{No Mayo} Pickled Beet Deviled Eggs.

Somewhere in between two and five I was such a brat. I was the kid who babysitters hated to be around. Whether it was me cutting off my hair, screaming about not wanting to go to bed, or, yes, throwing toys at them, I totally went there as a child. My mothers solution was to put me in to sports, all.the.time. Every sport you could possibly put a child in, I did it. And by the time I would come home, I was so tired, I would just pass out. It was brilliant in fact. And now, despite my lack of musical or dancing abilities, I am thankful for it.

So one day, somewhere in between basketball and soccer practice, my mom made me a turkey sandwich. I ate it with vengeance, and then it came right back up. Gross I know. It was the fault of an OVER mayonnaise-d sandwich. I know some people love mayo, and will not accept a sandwich without it, but I was and never be one of those people. I am not sure it is fair to blame it entirely on that sandwich, but it is definitely an event I remember. I know my friend, whose name starts with an S will agree with me on this.

That isn't to say that I don't use it every so often, and in fact I completely understand that not everyone has had the same experience that I have had, but I have steered clear of mayonnaise involved recipes, for example deviled eggs.
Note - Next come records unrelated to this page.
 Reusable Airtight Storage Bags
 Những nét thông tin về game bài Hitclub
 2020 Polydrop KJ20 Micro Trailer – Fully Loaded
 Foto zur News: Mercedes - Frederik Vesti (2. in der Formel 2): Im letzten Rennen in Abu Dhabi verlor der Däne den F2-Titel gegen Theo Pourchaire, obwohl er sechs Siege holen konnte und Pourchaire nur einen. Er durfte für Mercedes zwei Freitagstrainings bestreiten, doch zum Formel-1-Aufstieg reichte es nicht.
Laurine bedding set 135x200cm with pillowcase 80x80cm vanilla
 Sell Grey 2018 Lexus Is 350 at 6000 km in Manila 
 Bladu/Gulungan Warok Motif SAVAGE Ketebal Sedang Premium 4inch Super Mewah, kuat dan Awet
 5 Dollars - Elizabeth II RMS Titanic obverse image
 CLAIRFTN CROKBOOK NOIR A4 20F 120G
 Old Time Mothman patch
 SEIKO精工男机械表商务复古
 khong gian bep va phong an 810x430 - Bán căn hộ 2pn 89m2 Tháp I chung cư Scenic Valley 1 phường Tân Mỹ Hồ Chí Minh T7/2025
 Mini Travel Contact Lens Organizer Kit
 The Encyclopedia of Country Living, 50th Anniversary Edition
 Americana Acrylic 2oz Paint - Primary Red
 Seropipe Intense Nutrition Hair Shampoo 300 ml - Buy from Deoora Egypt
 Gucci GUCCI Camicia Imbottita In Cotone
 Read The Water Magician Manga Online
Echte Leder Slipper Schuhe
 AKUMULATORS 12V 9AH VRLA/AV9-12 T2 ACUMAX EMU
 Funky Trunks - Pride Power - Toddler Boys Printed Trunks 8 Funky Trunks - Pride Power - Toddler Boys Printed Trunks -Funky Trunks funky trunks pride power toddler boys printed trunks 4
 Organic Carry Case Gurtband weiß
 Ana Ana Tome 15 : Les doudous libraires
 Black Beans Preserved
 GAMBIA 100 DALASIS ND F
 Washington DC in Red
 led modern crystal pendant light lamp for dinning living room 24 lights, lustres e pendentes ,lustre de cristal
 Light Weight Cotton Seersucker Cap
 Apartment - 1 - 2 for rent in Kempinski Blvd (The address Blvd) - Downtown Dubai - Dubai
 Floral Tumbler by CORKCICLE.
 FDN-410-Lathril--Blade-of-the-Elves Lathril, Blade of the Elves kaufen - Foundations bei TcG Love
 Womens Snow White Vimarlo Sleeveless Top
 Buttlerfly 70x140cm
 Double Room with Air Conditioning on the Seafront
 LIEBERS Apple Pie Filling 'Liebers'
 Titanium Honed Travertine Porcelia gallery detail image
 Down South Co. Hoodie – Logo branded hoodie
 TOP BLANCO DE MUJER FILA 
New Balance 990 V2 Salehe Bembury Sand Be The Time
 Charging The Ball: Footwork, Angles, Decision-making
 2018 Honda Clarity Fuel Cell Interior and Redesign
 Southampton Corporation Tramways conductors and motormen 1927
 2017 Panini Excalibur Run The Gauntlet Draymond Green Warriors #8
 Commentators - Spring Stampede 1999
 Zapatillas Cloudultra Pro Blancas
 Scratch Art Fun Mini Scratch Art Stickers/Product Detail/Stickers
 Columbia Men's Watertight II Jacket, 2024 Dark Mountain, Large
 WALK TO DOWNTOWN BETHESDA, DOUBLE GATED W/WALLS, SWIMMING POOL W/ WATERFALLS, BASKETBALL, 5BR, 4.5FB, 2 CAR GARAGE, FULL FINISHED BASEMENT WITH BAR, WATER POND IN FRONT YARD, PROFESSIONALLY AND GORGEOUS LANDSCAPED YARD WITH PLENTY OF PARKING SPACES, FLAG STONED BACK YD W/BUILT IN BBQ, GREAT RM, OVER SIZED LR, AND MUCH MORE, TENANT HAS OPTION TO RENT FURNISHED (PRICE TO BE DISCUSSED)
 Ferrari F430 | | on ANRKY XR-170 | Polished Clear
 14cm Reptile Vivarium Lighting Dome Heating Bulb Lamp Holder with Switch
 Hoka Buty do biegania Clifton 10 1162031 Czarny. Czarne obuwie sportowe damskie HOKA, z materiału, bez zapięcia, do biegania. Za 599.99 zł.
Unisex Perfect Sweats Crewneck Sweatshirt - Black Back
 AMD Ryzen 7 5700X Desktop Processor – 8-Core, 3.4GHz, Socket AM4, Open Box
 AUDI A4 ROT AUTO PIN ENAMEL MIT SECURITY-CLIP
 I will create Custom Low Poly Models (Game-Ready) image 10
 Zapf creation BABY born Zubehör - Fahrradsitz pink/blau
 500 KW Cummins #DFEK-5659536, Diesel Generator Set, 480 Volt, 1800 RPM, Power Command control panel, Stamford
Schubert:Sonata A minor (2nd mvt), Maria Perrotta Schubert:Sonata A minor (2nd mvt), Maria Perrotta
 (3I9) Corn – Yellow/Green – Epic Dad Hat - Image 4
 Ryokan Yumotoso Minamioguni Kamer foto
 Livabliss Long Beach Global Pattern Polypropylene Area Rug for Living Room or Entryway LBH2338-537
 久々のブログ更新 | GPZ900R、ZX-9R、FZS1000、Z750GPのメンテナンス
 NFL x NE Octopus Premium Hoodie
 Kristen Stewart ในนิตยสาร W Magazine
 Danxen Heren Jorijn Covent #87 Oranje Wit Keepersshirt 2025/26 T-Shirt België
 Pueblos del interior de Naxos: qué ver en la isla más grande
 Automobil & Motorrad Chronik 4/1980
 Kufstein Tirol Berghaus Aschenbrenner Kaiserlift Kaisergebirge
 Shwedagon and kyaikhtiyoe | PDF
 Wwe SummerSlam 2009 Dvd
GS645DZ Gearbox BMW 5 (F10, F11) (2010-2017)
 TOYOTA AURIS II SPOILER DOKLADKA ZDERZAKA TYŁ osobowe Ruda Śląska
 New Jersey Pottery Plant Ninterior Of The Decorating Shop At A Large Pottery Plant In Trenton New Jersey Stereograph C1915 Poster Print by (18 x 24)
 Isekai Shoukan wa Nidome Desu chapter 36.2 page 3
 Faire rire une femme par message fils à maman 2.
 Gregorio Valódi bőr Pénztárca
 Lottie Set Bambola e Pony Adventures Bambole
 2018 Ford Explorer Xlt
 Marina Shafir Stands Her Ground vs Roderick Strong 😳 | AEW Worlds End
But deviled eggs are so amazingly good you are thinking to yourself, and I happen to agree, now. But yet, still as much as I have tried them, I have time and time again, not loved the idea of mayonnaise filled egg cups.

With Easter around the corner, however, I have been thinking about dying eggs. So when I came across a tid-bit in a magazine recently that touted pickled beet deviled eggs, I could not resist concocting my own little recipe, because the idea is indeed brilliant.

Pickles Beet Deviled Eggs
2 cups distilled white vinegar
1 cup water
1 large red beet, peeled and sliced
6 hardboiled eggs, peeled
3TB creme fraise
1tsp fennel powder
salt and pepper to taste
chives or chervil garnish

Bring vinegar and water to a boil with the sliced beets, let is simmer for 10 minutes then turn off.

Put pickling liquid in tubberware and allow to cool to room temperature.

Place eggs in pickling mixture and allow to soak for 1-2hours in the fridge.

Slice eggs in half, and whip together egg yolks with remaining ingredients, and then assemble.

Garnish and enjoy.

1 comment:

  1. Few things are prettier than beet juice, it's pretty amazing that all of that vibrant color comes from a root vegetable. This almost makes me want to eat deviled eggs, between the beautiful presentation and the smart swap of creme fraiche for mayonnaise (I'm with you on that food fear, unless it is freshly made aioli), still I'm not sure I can get behind hard-boiled eggs gussied up or not, so I will indulge in the pictures instead!